• TASK BRIEF
What must be written out is each line from the one holding "Broadclub cuttlefish, Sepia" through the end of the records, word for word, minus any pictures.
:: PROVIDED ENTRIES ::
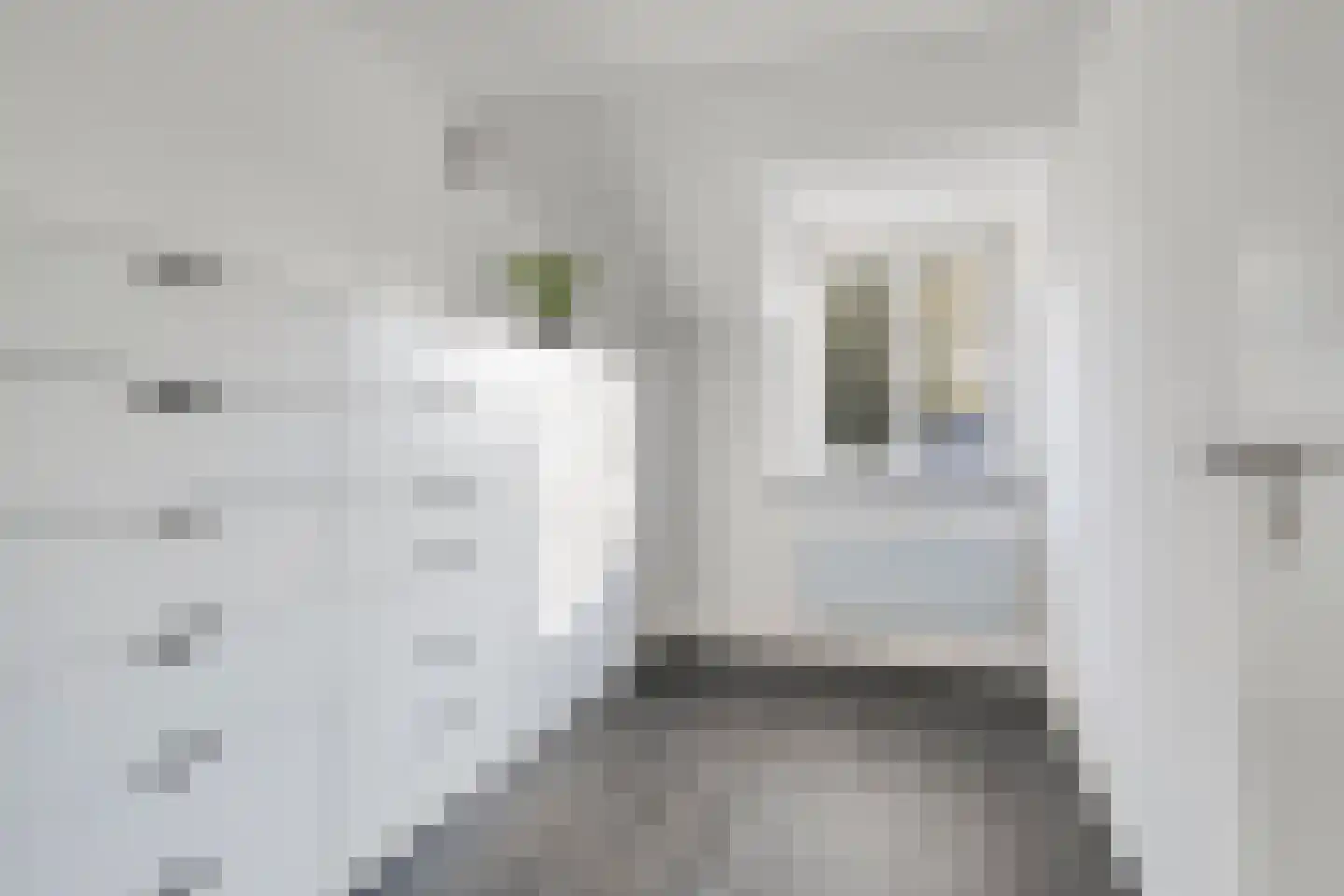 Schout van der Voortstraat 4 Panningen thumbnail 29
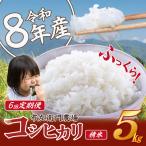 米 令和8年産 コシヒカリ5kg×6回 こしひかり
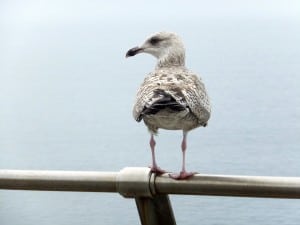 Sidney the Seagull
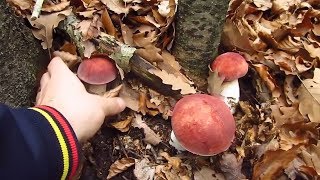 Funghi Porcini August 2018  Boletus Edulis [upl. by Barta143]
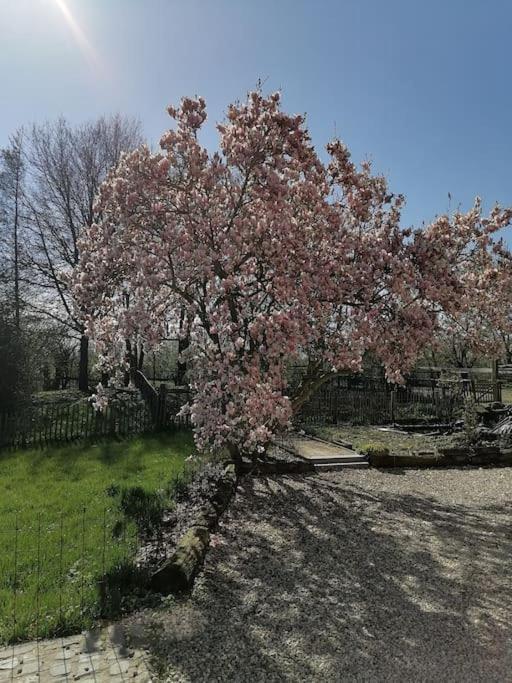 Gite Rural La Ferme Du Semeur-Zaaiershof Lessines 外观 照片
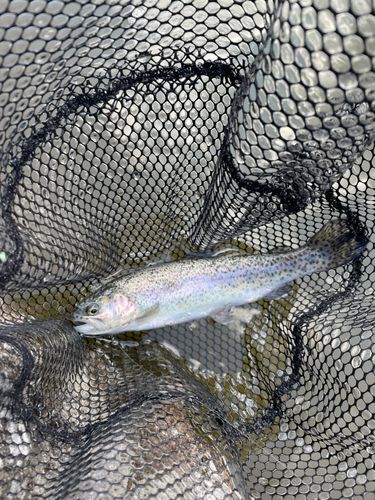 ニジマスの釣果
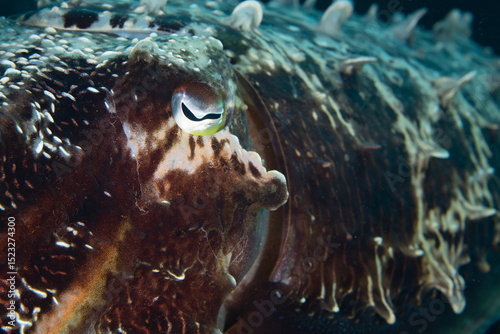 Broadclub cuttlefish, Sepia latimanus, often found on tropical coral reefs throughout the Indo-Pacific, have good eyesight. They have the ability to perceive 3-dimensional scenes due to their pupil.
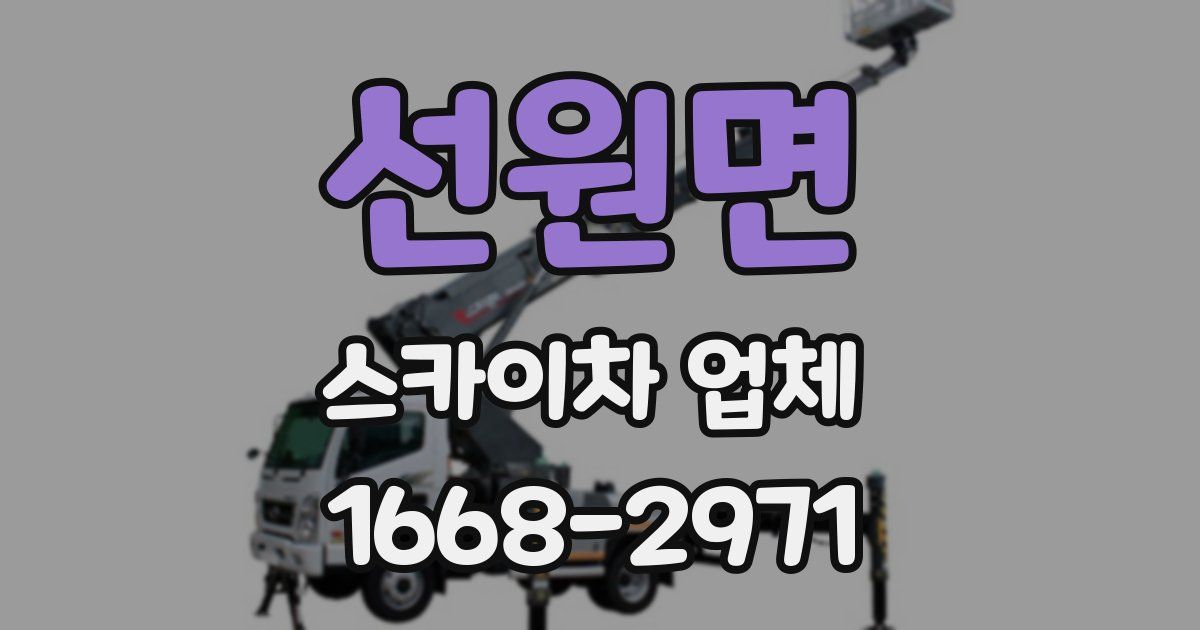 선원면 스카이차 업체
:::
• EXERCISE RESULT
 Broadclub cuttlefish, Sepia latimanus, often found on tropical coral reefs throughout the Indo-Pacific, have good eyesight. They have the ability to perceive 3-dimensional scenes due to their pupil.
 선원면 스카이차 업체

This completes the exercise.